Что же касается книжных изданий, то и их число тоже падало. Правда, не так катастрофически. Более плавно.

Вот выборочные данные, обнародованные на «Конгрессе в защиту книги», состоявшемся 8 июня в Москве (цитирую по информации «Литературной газеты»): «В 1992 году продолжалось падение числа изданий (свыше 7 тыс. в 1991-м и свыше 5 тыс. в 1992 году). За два года этот показатель достиг уровня тридцатых годов.

В 1992 году спад общего производства книг (тиража) составил 300 млн экземпляров».

Впечатляет?

2

Но сама-то литература (я не имею в виду произведения всего славного десятитысячного отряда членов Союза писателей СССР, а именно литературу) не исчезла.

Исчез так называемый «литературный процесс». Странное понятие, связанное с идеей времени (прежде всего).

В сознании критиков его сменила литературная ситуация, а еще точнее — литературный пейзаж.

Обнаружилось пространство, и достаточно обширное, для того, чтобы на нем свободно разместились пригорки и ручейки, овраги и перелески, индустриальные монстры, а также развалины и руины, помойки и хутора.
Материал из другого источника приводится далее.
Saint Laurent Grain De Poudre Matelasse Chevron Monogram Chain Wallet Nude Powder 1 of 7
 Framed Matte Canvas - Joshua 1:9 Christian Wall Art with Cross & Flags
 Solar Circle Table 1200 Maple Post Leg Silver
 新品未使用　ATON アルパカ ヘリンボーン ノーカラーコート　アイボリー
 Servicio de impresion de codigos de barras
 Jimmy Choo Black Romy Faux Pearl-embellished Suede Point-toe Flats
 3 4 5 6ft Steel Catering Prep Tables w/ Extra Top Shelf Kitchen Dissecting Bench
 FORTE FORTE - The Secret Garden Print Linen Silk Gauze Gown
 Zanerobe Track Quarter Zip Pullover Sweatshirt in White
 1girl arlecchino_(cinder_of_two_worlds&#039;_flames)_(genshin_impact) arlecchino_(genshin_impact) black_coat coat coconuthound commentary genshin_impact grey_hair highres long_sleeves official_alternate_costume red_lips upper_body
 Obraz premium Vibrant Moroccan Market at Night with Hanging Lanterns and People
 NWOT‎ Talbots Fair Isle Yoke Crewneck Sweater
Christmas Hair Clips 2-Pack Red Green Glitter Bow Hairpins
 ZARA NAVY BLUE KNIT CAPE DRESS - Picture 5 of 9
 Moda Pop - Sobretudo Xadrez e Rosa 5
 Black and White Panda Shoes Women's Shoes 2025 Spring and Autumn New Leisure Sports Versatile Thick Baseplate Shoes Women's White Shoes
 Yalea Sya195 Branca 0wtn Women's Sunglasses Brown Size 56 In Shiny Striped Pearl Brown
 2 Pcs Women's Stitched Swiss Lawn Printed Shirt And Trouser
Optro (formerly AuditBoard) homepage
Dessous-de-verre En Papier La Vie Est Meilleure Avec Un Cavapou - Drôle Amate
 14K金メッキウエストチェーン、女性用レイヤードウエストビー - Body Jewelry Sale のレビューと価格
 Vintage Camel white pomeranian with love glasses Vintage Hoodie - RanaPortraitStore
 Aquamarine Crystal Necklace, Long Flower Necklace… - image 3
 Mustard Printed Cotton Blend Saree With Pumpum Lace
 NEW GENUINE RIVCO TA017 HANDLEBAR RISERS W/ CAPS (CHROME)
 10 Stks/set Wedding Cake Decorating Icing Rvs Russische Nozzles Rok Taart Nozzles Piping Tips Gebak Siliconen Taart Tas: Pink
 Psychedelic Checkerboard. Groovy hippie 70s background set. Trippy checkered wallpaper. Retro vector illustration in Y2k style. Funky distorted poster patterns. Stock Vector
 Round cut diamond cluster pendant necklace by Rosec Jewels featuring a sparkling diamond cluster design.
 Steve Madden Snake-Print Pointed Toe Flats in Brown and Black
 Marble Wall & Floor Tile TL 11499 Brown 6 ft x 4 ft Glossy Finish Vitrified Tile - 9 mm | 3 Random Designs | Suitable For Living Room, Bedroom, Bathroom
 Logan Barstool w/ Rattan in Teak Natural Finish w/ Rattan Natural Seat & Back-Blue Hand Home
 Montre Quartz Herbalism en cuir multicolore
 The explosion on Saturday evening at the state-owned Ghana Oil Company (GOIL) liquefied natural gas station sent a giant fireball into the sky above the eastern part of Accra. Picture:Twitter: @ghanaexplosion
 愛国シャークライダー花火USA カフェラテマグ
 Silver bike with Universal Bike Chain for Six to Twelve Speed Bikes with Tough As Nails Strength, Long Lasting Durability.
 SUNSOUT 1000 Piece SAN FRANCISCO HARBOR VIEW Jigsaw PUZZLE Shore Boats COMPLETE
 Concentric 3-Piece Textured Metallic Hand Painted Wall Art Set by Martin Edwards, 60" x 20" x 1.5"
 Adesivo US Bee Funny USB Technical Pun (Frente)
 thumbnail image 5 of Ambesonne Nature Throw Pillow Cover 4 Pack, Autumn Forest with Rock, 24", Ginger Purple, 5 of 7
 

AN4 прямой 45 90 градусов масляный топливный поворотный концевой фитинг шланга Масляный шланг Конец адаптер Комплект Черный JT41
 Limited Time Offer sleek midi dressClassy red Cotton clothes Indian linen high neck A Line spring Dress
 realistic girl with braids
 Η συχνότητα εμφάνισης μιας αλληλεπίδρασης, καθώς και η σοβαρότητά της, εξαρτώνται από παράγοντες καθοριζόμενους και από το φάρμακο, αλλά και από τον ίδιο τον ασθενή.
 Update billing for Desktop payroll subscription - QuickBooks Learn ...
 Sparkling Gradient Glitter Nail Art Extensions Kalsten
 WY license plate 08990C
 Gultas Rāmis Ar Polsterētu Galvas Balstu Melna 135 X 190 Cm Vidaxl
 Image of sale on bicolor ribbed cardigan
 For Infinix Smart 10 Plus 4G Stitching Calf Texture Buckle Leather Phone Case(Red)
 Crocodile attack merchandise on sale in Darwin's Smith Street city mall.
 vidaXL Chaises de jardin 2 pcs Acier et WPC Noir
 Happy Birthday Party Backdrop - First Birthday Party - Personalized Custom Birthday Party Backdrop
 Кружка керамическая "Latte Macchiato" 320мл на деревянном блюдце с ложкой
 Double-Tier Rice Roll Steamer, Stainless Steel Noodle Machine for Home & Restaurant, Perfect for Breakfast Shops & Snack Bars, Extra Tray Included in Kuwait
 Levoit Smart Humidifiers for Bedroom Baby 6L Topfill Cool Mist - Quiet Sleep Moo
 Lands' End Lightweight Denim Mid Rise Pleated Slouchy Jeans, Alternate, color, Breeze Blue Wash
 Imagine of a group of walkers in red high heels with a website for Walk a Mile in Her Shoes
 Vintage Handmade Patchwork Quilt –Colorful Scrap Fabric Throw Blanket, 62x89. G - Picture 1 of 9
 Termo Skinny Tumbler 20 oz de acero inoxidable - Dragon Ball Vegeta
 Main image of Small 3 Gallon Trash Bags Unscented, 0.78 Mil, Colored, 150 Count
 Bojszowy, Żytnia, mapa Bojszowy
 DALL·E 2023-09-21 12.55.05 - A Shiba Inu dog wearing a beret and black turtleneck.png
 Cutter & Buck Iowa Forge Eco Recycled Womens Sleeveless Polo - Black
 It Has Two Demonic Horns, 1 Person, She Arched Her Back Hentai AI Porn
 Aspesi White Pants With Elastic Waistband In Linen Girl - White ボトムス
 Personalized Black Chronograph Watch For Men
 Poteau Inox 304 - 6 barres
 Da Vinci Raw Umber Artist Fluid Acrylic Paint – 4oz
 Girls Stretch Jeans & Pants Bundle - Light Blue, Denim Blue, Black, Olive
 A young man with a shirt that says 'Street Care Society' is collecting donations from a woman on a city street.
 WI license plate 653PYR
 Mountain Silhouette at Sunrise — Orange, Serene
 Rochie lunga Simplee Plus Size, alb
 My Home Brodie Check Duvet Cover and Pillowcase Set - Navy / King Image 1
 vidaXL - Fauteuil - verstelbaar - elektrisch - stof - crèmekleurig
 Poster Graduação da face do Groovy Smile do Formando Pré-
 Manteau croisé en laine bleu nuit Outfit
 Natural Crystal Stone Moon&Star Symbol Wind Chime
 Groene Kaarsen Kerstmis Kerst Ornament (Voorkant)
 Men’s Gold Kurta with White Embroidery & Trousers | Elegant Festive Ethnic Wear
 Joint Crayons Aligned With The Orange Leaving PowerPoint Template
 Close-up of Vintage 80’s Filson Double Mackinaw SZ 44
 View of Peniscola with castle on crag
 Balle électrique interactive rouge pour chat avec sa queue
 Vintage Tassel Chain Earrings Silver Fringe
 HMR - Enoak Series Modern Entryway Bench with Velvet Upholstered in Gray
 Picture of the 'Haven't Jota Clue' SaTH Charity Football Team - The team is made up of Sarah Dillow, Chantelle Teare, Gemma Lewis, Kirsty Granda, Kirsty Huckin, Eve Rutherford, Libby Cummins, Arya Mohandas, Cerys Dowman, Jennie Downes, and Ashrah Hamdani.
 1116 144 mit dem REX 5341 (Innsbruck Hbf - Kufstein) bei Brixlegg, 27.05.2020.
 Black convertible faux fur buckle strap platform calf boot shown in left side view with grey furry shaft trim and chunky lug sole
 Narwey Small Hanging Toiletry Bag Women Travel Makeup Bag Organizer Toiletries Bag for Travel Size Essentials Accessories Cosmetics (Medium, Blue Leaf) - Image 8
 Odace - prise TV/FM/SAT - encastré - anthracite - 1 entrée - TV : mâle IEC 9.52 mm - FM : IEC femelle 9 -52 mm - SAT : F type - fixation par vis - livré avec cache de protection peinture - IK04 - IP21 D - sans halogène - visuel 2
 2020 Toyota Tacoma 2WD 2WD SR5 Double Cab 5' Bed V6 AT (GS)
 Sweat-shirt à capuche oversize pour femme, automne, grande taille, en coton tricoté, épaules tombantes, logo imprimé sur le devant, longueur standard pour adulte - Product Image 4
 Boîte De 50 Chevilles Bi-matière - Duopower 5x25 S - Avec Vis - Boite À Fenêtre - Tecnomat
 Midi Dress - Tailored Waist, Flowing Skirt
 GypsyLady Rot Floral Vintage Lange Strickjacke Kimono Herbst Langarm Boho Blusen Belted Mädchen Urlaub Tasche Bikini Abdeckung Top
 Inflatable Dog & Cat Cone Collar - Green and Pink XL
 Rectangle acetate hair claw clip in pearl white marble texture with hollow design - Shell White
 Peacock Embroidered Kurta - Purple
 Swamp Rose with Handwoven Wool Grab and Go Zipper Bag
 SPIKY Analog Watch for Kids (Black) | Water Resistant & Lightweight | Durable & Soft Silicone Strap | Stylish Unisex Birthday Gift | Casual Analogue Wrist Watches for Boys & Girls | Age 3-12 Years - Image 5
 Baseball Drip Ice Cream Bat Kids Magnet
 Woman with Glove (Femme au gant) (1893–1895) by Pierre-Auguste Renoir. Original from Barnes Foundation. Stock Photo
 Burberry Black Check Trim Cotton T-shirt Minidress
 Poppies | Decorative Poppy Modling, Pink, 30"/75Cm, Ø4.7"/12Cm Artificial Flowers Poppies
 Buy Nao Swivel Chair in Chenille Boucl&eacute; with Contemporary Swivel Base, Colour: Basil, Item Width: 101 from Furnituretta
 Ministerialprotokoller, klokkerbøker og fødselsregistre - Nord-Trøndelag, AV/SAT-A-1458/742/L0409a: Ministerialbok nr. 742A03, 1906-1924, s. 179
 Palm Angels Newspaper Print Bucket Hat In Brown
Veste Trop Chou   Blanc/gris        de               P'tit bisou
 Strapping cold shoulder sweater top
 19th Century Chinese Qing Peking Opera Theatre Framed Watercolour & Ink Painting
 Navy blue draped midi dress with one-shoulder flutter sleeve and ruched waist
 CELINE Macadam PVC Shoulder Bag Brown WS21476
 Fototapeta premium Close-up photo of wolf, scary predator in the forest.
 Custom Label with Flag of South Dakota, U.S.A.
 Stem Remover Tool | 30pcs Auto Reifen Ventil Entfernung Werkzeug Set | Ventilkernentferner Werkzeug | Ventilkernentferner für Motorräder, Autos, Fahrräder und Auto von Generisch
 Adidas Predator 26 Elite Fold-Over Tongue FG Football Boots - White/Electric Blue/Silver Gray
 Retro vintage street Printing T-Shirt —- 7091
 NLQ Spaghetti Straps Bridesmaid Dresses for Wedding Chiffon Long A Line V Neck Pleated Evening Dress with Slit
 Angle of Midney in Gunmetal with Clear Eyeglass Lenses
И оказалось, что стягивать всех к какому-то одному мощному центру, сдвигать по тому же принципу, по которому счастливые граждане Чевенгура переносили дома и даже деревья, — занятие бессмысленное и, более того, небезопасное как для самой среды, так и для энтузиастов своего дела.

Что самая нормальная, самая ценная позиция критика сегодня — это позиция наблюдателя и комментатора, а не «идеолога», не «пропагандиста» и, тем более, «агитатора».

Что все попытки «отменить» какой-либо пригорок, срочно засыпать впадину или «приговорить» несимпатичный критику хуторок к сносу — дело малоперспективное. Более того, безнадежное.

Это как с указами М. С. Горбачева, а потом — Б. И. Ельцина: указ-то выпущен, а выполнять его никто не собирается.

Вот взяли критики-шестидесятники и двинулись на постмодернистов и авангардистов, даже не затрудняя себя разбором, кто же из них авангардист, а кто постмодернист. Молнии сверкали, гром гремел, — и что же?

Да ровным счетом ничего.

Живут себе да поживают и продолжают писать (и даже умудряются печатать) свои совершенно возмутительные, близкие к графоманским (по мнению иного критика) сочинения.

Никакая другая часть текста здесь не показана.